Jedi Summer with The Magnetic Kid by John Boden
Post Mortem Press (July 2016)
76 pages; $10.00 paperback; $2.99 e-book
Reviewed by Kevin Lucia
There’s something about coming-of-age stories that resonate with the child we used to be. The nostalgic longing for a simpler time allows us, just for a little while, to escape the often maddening grownup world we live in. When a writer is able to balance that nostalgia with a clear eye, avoiding romanticizing or demonizing the past, you’ve got something special indeed.
That’s what John Boden has done with Jedi Summer with the Magnetic Kid. He’s offered us a clear view to a simpler time which wasn’t without its own complications, but it isn’t a bitter, depressing tale either. It’s simply what it is: a story about childhood, a time which can never be again.
It’s the summer of 1983, and Johnny and his little brother Roscoe are bopping their way through summer, as kids do. Of course, Johnny and Roscoe don’t necessarily live the apple-pie American life, nor is their summer a perfect golden one in a mythical country town in Illinois, where new tennis shoes are magic. With their mother working two jobs to make ends meet, Johnny and Roscoe have to make their own brand of magic, and they do it with the innocent resilience found only in the young.

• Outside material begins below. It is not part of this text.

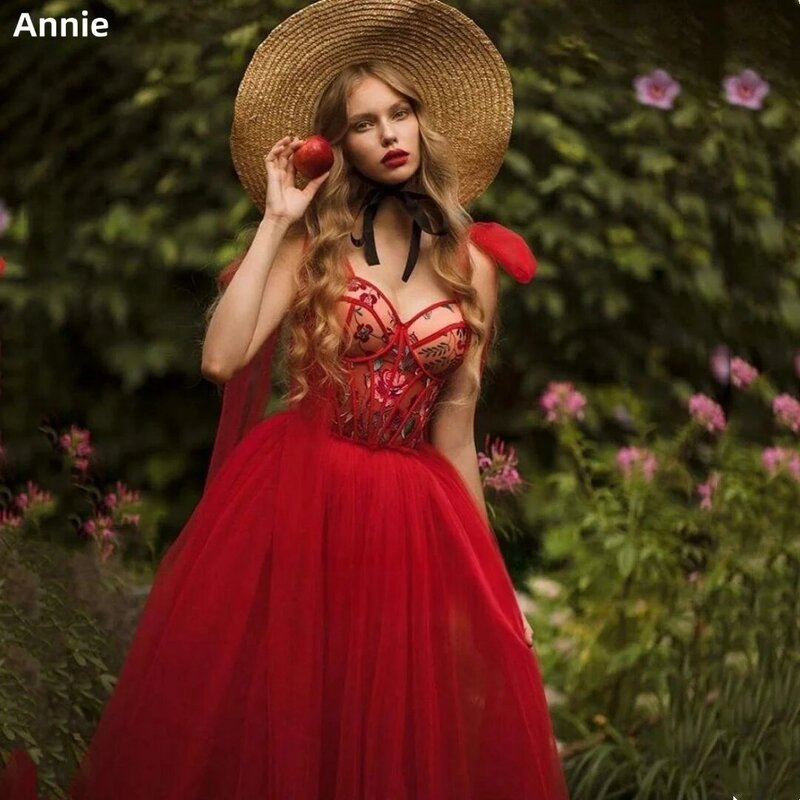 Annie rot Schatz Tüll Ball Kleid Bogen mit Applikation Mieder A-Linie Krawatte Hochzeits feier Dress فستان سفرة Irizean ير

The story’s voice rings true, and you get the idea Boden has put more than imagination and thought into this story; he’s bled into it, too. There’s also some nice weirdness lurking around the corners of the main story. Ghost pets, a corpse hanging from a tree with birds living in its belly, and a still-born calf, because childhood is weird, and kids know it with an acceptance which puts most of us adults to shame. This is a perfect summer read for those of us who remember when were kids, and we accepted life as weird, too.